Western gall rust (WGR) is most destructive in tree farms, plantations and nurseries. WGR can directly and more rapidly infect because it has no alternate host.  Conditions optimal for infection occur every several years, resulting in “wave years” of infection and gall formation. Airborne spores infect the succulent tissue of young shoots and cause the wood to swell into galls (globe-shaped clumps). WGR is a disease that occurs on 2-and 3-needle pine trees. This disease does not affect 5-needle pines such as western white pine or sugar pine. WGR is found in eastern North America as well, the common names “pine-to-pine gall rust”, “globose gall rust” or Woodgate gall rust are sometimes used.

 Primary Hosts and Distribution

WGR is widespread throughout the Pacific Northwest affecting susceptible trees throughout their range. And despite its name, it does occur in the East too. In the Pacific Northwest, it is found on lodgepole, ponderosa, and jack pine in natural forests, and on any of the introduced hard pines including bishop, mugo, Monterey, Scots, Austrian pines.

 Life Cycle

WGR has a two-year life cycle, from infection to the time when spores are first produced. Galls are generally globose, they may be asymmetrical and are sometimes deeply fissured. In May-July, climate dependant, orange spores form in blisters beneath the bark of the galls. Spores become airborne and infect new shoots. Small galls are visible on branches about 1.5 to 2 years later and are able to produce spores. Galls continue to grow and release spores each spring until they girdle the host stem or branch. Infection occurs through the succulent tissue of elongating shoots, so all galls are initially formed on one-year-old growth. Moist conditions promote spore release and infection. Galls continue to increase in diameter as the host tree grows, and typically reach sizes of 5-10 cm in diameter (although larger galls sometimes develop on main stems). The fungus and the tree may survive for 200 years. Galls become inactive with the death of the branch or stem, or are often killed by hyperparasitic fungi, but the woody swellings remain on the tree.


Unfortunately there is no “silver bullet” that eradicates Western Gall Rust.
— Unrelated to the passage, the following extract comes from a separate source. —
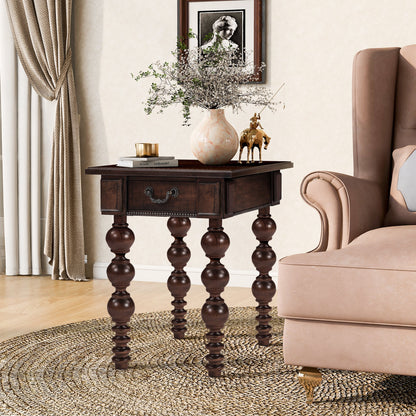 Solid wood end table with drawer in espresso finish, ornate turned legs, dark brown color on Tampa Home & Garden Store
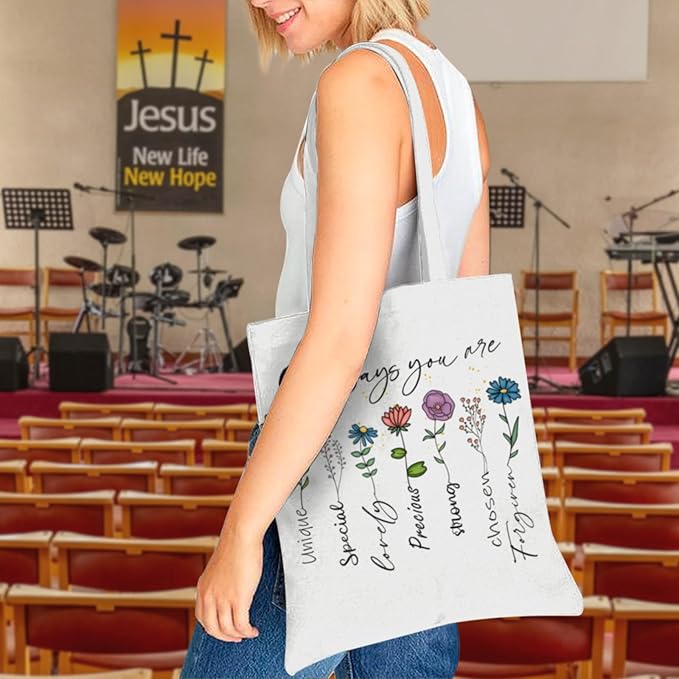 2 Pack Christian Bible Canvas Tote Bag for Women with Makeup Bag Gods Says You Are Bags Floral Tote Bag Aesthetic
However, there are management techniques that can control its spread.

The first line of defense is “sanitary salvage” in which infected trees are removed from the stand. Salvage is a hunt-and peck method of logging that takes out the dead and dying trees over the landscape to improve forest health and is well-suited to removing those infected with WGR.

The second management option is pruning and thinning the stand. This is more labor-intensive than salvage logging, but depending on the situation it can be effective in controlling the pathogen. Care has to be taken in timing the operation correctly, because of the potential of spreading the pathogen during its spore releasing phase.
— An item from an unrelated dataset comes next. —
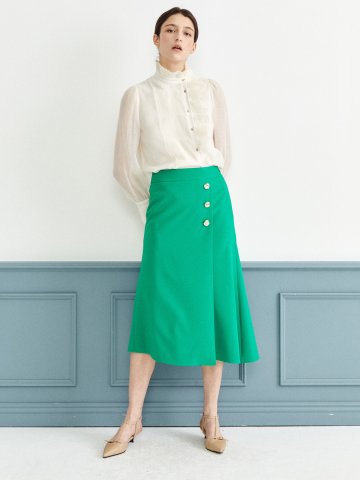 버튼 장식 언밸런스 랩 스커트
For high-value stands such as test plots used in scientific studies, a systemic fungicide can be used to minimize the effects of gall on the plantation. Because of the high cost, this method is used sparingly and only on selected stands.
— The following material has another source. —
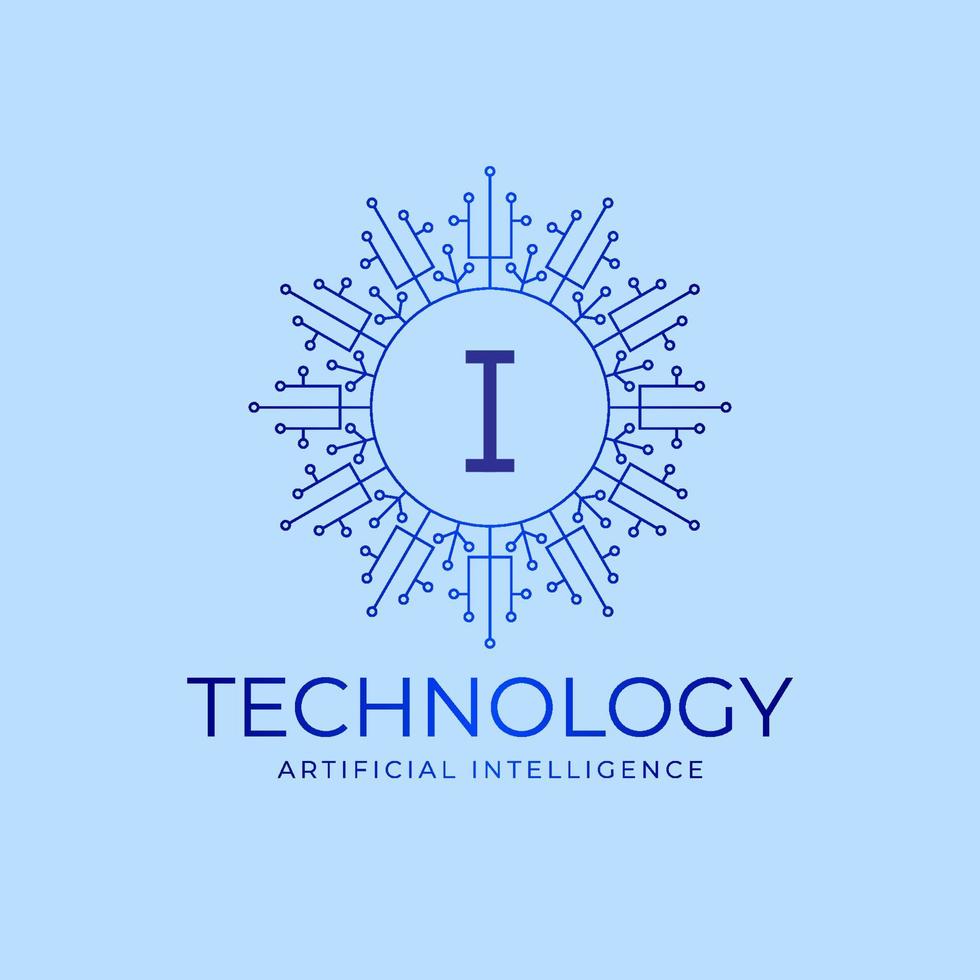 letter I technology boundaries artificial intelligence initial vector logo design element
Finally, as often the case, prevention is the best cure. Planting multiple species is likely the best way to prevent the spread of WGR in newly-planted stands. Soper-Wheeler often plants up to five species in new units in order to add biodiversity and pathogen resistance to the forest. The most common species we plant are Ponderosa Pine, Sugar Pine, Douglas Fir, White Fir, and Incense Cedar.